مقالات پذیرفته شده در ششمین کنگره بین المللی زیست پزشکی
Identification of Colorectal Cancer Highly Associated CircRNAs Through Integrative Bioinformatics and ceRNA Networks
Identification of Colorectal Cancer Highly Associated CircRNAs Through Integrative Bioinformatics and ceRNA Networks
Liora Yesharim,1,*
1. Department of Medical Genetics, School of Medicine, Iran university of Medical Sciences, Tehran, Iran
Introduction: Colorectal cancer (CRC) is the third most commonly diagnosed cancer worldwide and is the second leading cause of cancer-related mortality. Despite all advances, the overall survival and therapeutic efficiency of CRC is still poor, and there is a great need to identify key pathways involved in CRC pathogenesis, novel biomarkers and drug targets. Circular RNAs (circRNAs) are covalently closed RNAs that play critical roles in the cell, including regulating gene expression, which is mainly through sponging miRNAs. Numerous studies have shown that circRNAs are involved in tumorigenesis. Due to their high stability and specific cellular functions, they may be ideal biomarkers and drug targets for cancer. To identify dysregulated circRNAs in CRC with high statistical significance, a meta-analysis of microarray datasets was performed and the major circRNAs with regulatory effects on hub genes were investigated.
Methods: A total of 40 circRNA microarray samples from three GEO (www.ncbi.nlm.nih.gov/geo) datasets (GSE126094, GSE138589, GSE142837) were selected for this study. All datasets were from the same platform (GPL19978) and included cancer and paired normal tissues. First, quality control was performed. Samples of poor quality were removed. Log2 transformation and quantile normalization (using the Limma package in the R software) were performed when necessary. The batch effect was removed using the Combat function of the R package called "SVA". Meta-analysis of the three datasets was performed using two approaches: direct merging (DM) and random-effects model (REM). Differentially expressed circRNAs (DECs) were screened using the cutoff value of 0.05 Benjamini-Hochberg's adjusted P-value and |log2FC| > 1. CircRNAs identified by both the DM and REM methods were considered for further analysis. MiRNA targets of DECs were identified using the CircMine (www.biomedical-web.com/circmine) database. The most likely mRNA targets of the miRNAs were identified using the miRDB (score cut-off 90) web tool (http://mirdb.org/). The CircRNA-miRNA mRNA network, also known as ceRNA network, was constructed (Figure 1) using Cytoscape (v.3.8.9). CytoHubba, a Cytoscape plugin, was used to identify the top 10 hub genes of the ceRNA network. Then, the circRNAs interacting with these hub genes were analyzed as "crucial circRNAs." To identify the pathways involving crucial circRNAs, KEGG pathway enrichment analysis was performed.

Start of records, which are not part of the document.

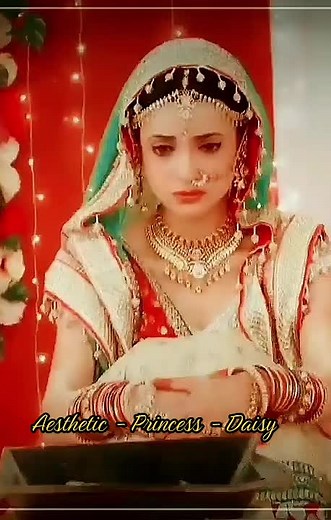 Authentic Daisy Princess: Embracing Aesthetic Royalty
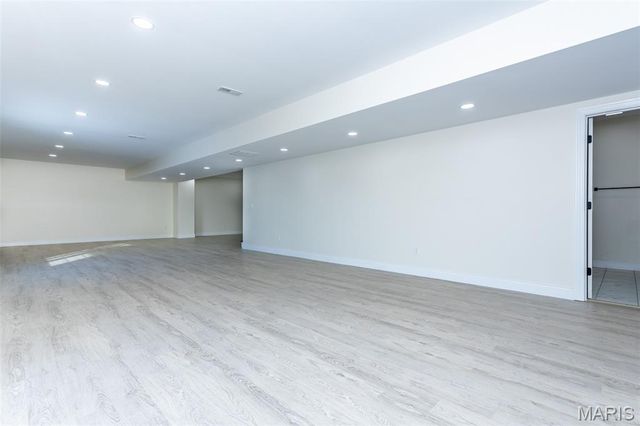 9 Fairway Court, Alton, IL 62002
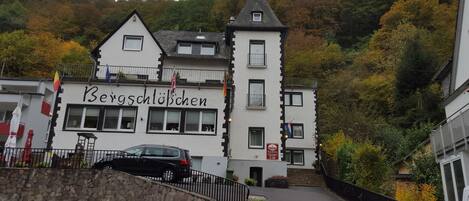 Voorkant van accommodatie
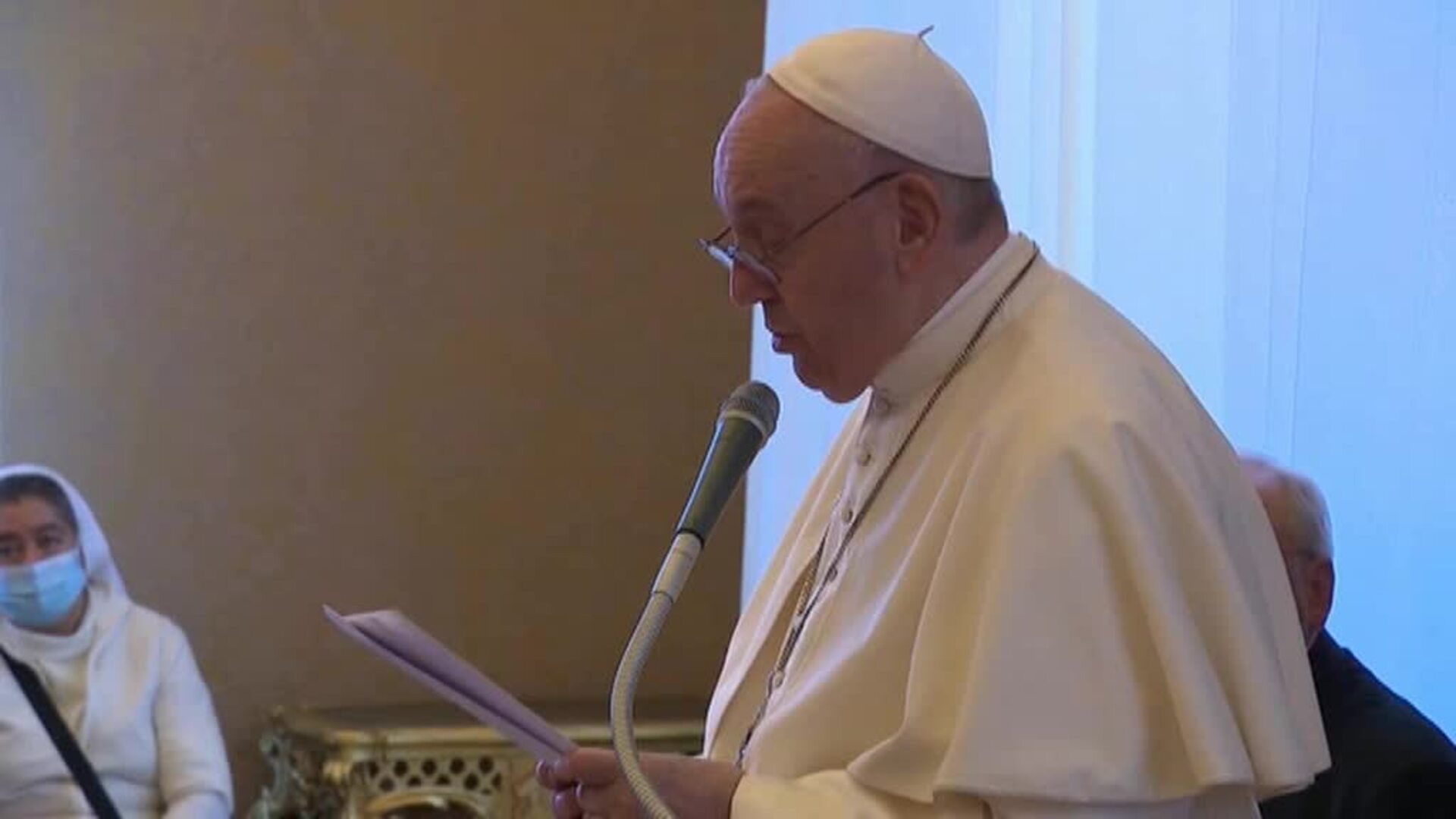 El papa da las gracias a los periodistas por destapar los abusos sexuales en el clero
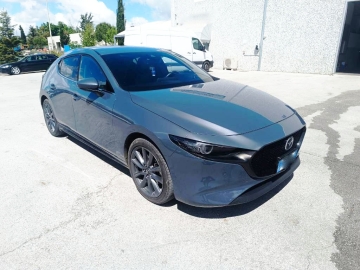 Mazda 3 2.0 M Hybrid Υβριδικό βενζίνη mod 03-2019 EYRO 6D ME 41.000 KM TIMH 15.900 ART 36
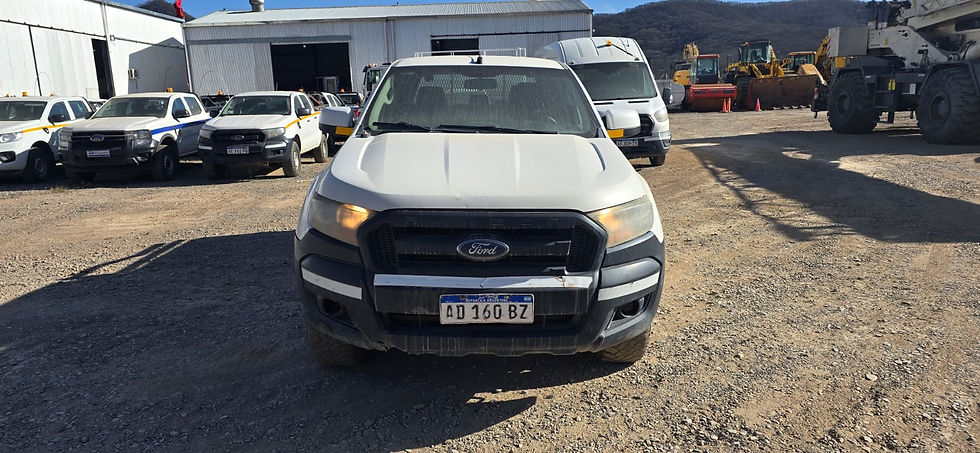 Camioeta Ford RANGER XLS Frente.jpg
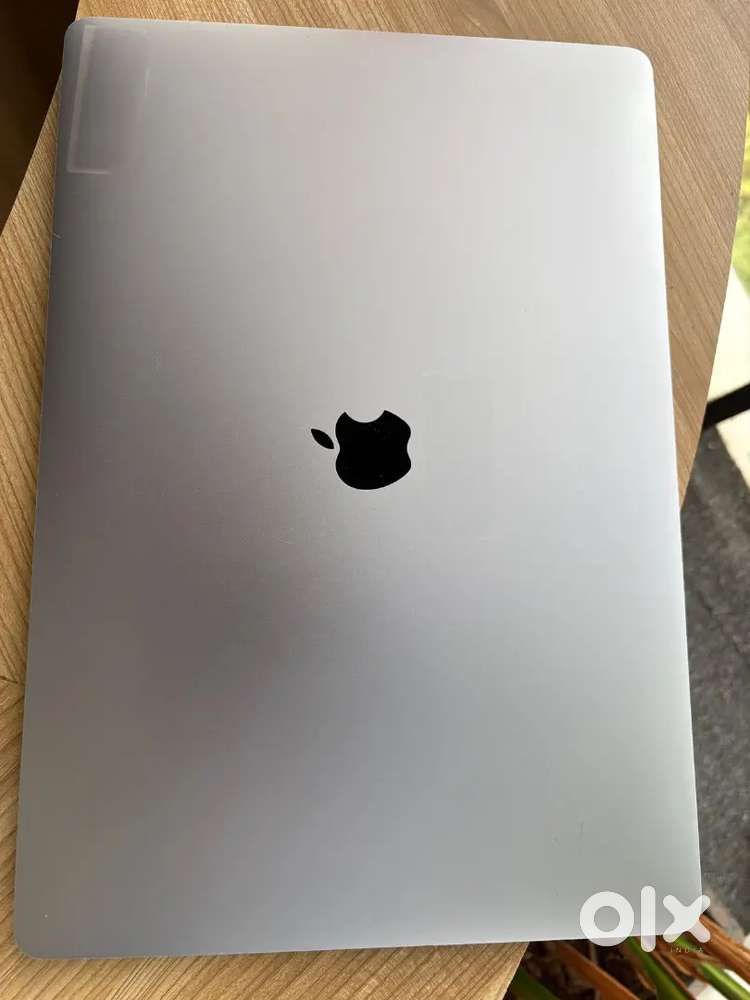 MacBook A2141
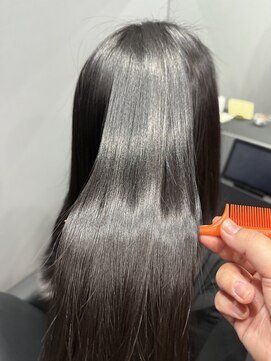 フレイムス ヘアアンドリラックス 吉川店(Frames hair&relax) 艶感たっぷりストレート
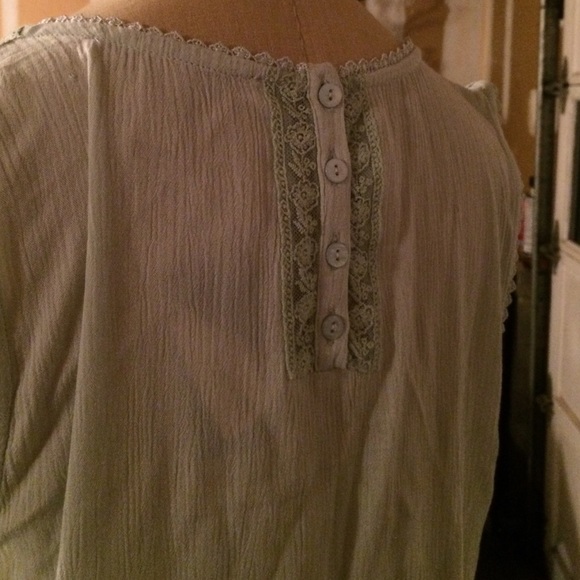 Forever 21 Contemporary Lace Tank - Picture 3 of 4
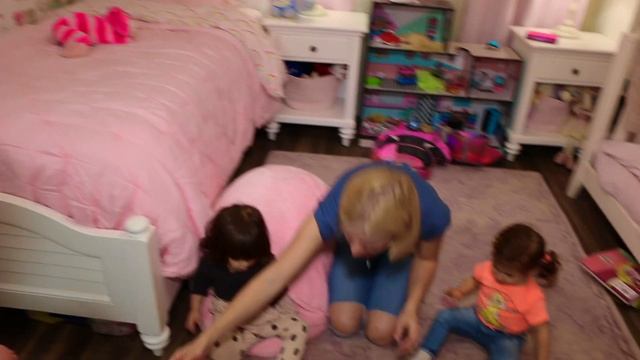 BEST SURPRISE: Sister dolls open LOL gifts, do make up, hair, nails, dress up. Куклы ЛОЛ и макияж. смотреть онлайн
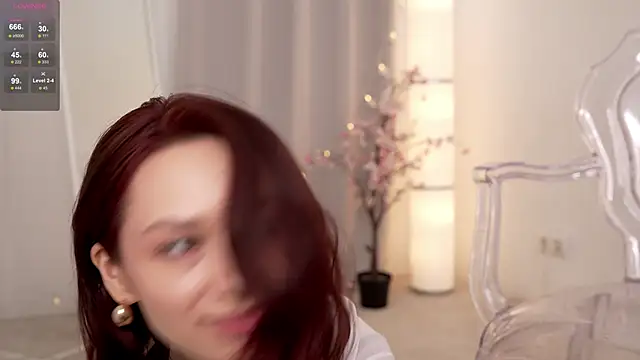 VivianLy  online show from March 22, 2025, 11:53 am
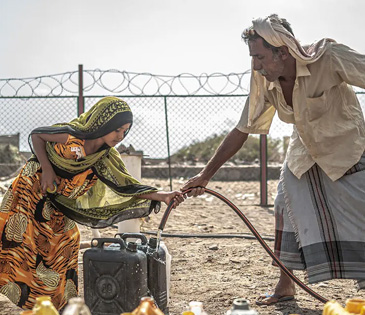 Filling jerry cans with water from the desalination plant in Yemen. Photo: Pablo Tosco Filling jerry cans with water from the desalination plant in Yemen. Photo: Pablo Tosco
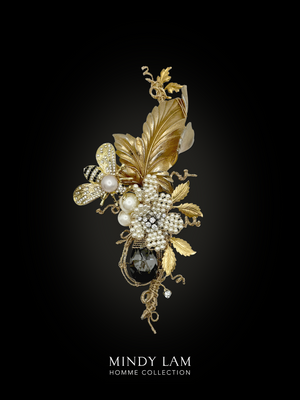 Men's Lapel Pin - Gold Foliage and Bumble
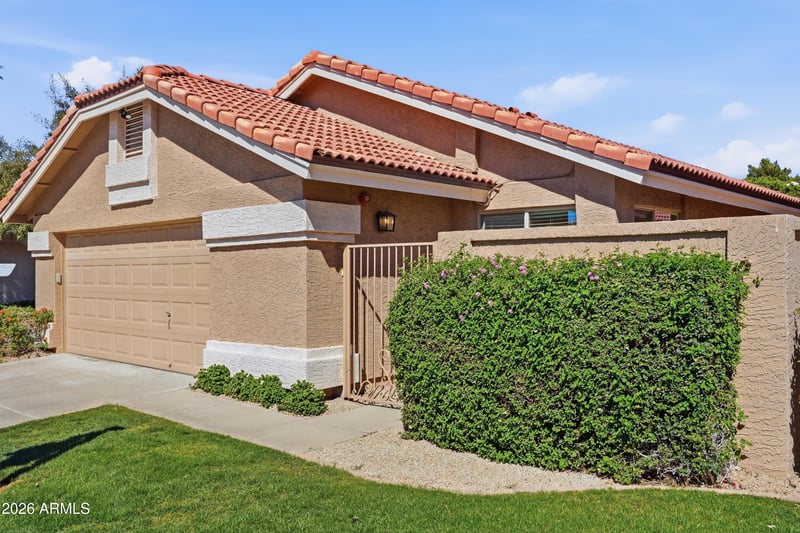 8832 E Sunnyside Dr, Scottsdale, AZ 85260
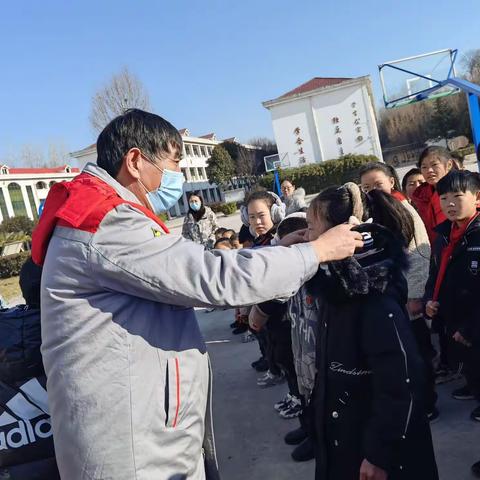 济源市“爱心助学之家”情暖冬至爱心活动走进下冶一小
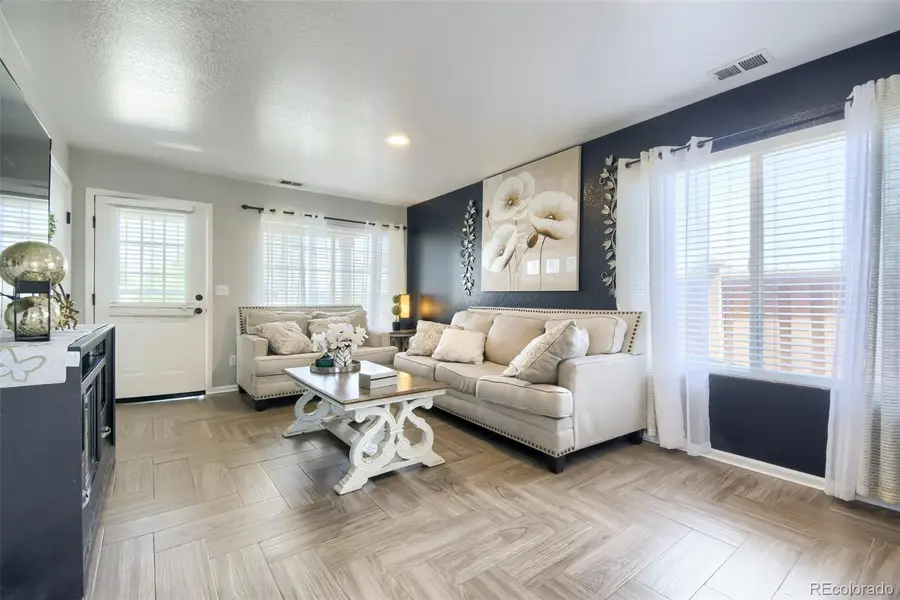 18646 E 42nd, Denver, CO 80249 - #2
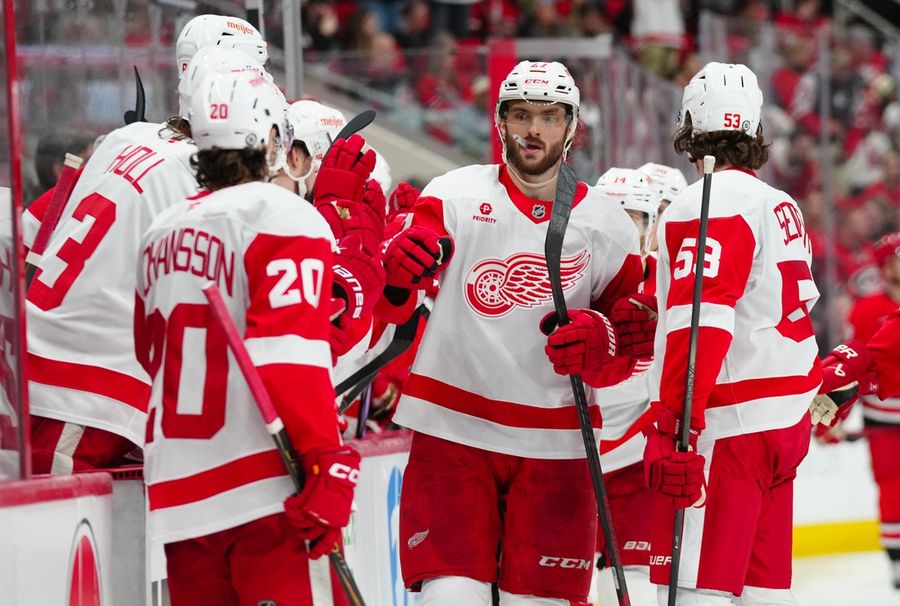 NHL: Detroit Red Wings at Carolina Hurricanes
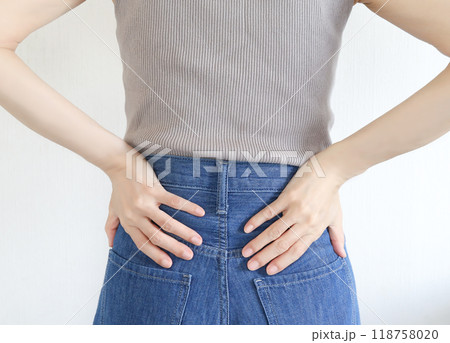 腰を押さえる女性 腰痛 腰を押さえる女性 腰痛 118758020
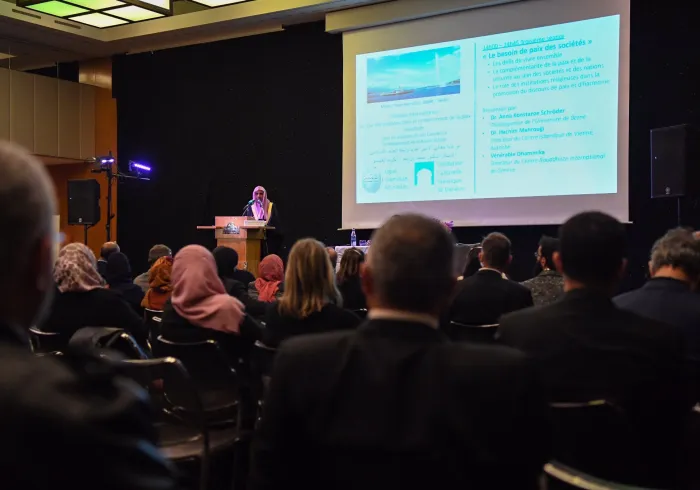 معالي الأمين العام يفتتح ملتقىً، تناولت محاوره مفاهيم السلام العالمي، والتعايش الديني والثقافي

Results: REM Meta-analysis of microarray datasets of circRNAs revealed 338 dysregulated circRNAs and DM revealed 125 dysregulated circRNAs. A total of 54 DECs, including 10 upregulated and 44 downregulated circRNAs, were identified by both the DM and REM meta-analysis approaches and used for further investigation. 193 miRNAs were identified as targets for DECs sponges and 567 genes were identified as targets for miRNAs. Based on the Maximal Clique Centrality (MCC) algorithm of CytoHubba, PTEN, AGO1, AGO3, AGO4, MAPK8, MECP2, NRAS, CCND2, ETS1, and ITGAV were identified as the major hub genes. Examination of the circRNA-miRNA hub gene network (Figure 2) revealed that seven circRNAs (hsa_circ_0000512, hsa_circ_0072387, hsa_circ_0001022, hsa_circ_0001525, hsa_circ_0041555, hsa_circ_0049356, hsa_circ_0061817) can potentially regulate the expression of key hub genes in CRC. The mTOR and FoxO signaling pathways, microRNAs in cancer, and EGFR tyrosine kinase inhibitor resistance were among the enriched KEGG pathways of the seven hub circRNAs.
Conclusion: In summary, the present study aimed to prioritize the most likely circRNA candidates that play a role in colorectal cancer and could be used as future biomarkers or drug targets. Two different approaches of the meta-analysis were performed to identify DECs with high statistical significance. In addition, seven circRNAs were identified as potential modulators of hub genes in CRC. Furthermore, this study provides a deeper understanding of circRNA-related competing endogenous RNA regulatory mechanisms in CRC pathogenesis and the major signaling pathways involved in CRC tumorigenesis.